Attendees are bringing their mobile devices into the meeting rooms and using them! Participants are tweeting event content, posting photos to Instagram, taking pictures of slides, fact-checking, and taking notes. However, these mobile screens are also distraction temptations and are often used for non-meeting related tasks. The siren call of these glowing screens is hard to resist, especially if the presenter is not engaging or the material presented is boring -- or both!



Meeting hosts, meeting planners and speakers should be asking what can be done to keep participants’ attention. The obvious answer is to provide compelling content and excellent speakers -- it should be the speaker’s responsibility to keep the audience engaged!



In addition, however, there are new technologies that use participants’ mobile devices to help them focus on the presentation rather than distracting them away for other things.



Second Screen Technology

Second screen technology refers to the use of a mobile device to provide an enhanced viewing experience for other content usually with interactive features. This is seen most often on television, but increasingly so at events. Presenter content, such as slides, polling, video, notes, social media links, can be pushed to any device in real-time during a presentation.



There are a number of interesting second screen event tools. Here is a sampling:



Lintelus (formerly NiceMeeting)

Lintelus allows a speaker to send slides to every mobile device in the meeting room. Participants can take notes digitally while viewing the presenter’s slides and can save the notes for later review and/or reporting. There are also integrated live polling capabilities with the results appearing on the screen and on the mobile devices. Participants can also use the system to ask questions, to chat and to tweet. In short, the mobile devices in the room are used to engage and focus the participants on the content, rather than distracting them from it.

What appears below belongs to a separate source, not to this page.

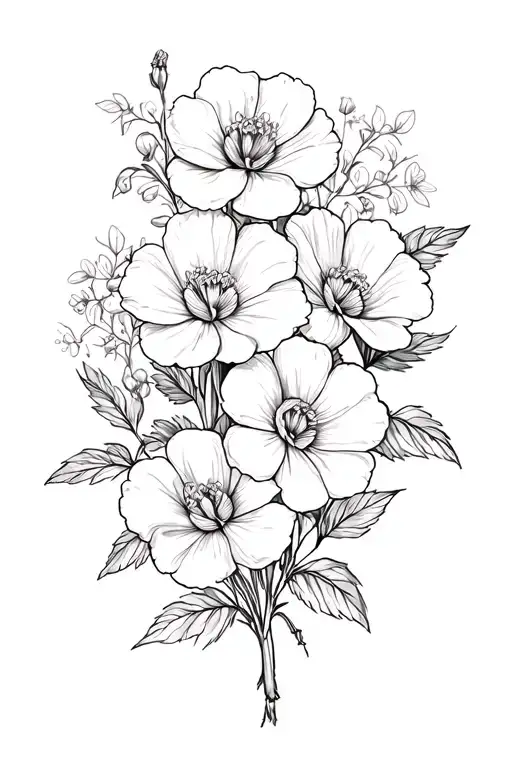 geranium honeysuckle camelia and flower bouquet tattoo design idea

This system is web-based requiring either internet access or a local wireless network. It can be run directly from PowerPoint and requires no app to download.



Pricing:

Fees range from a few hundred to a few thousand dollars depending upon the size of the event, number of sessions, if a moderator is requested and if staffing is needed to provide an internet appliance which secures information and provides Wi-Fi stability.



FXP | touch

Provided by www.klowd.com and rebranded and distributed for meetings by Freeman.

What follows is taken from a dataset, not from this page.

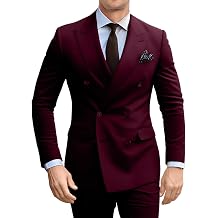 Double Breasted Suit Men Slim Fit 2 Pieces Suit Blazer Pants Formal 2 Button Tuxedo Jacket for Wedding Business Prom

Similar to Lintelus, this product also allows presenters to share their slides to anyone with mobile device with web access (including remote audiences). Participants can respond to poll questions, ask questions through the system and amplify the social media impact by posting comments and sharing the presentation to Twitter, Facebook and other channels. One of the strengths of FXP | touch is the analytic capabilities that measure real-time participant engagement, focus, and all activities when using the system. The name and email address of attendees are recorded, as well as the exact moment they joined. The FXP Touch platform also calculates an overall score for each presentation based on attendance interaction and engagement.



Pricing:

Fees start at $15,000/event and are based on the number of presentations and users.



Evenium ConnexMe

ConnexMe has similar features to the above products including web-based slide distribution, digital note taking on the slides, live sharing of the slides, audience response polling, live questions. This is part of an event app which includes agendas, push notifications, private messaging to other attendees, session evaluations and event analytics.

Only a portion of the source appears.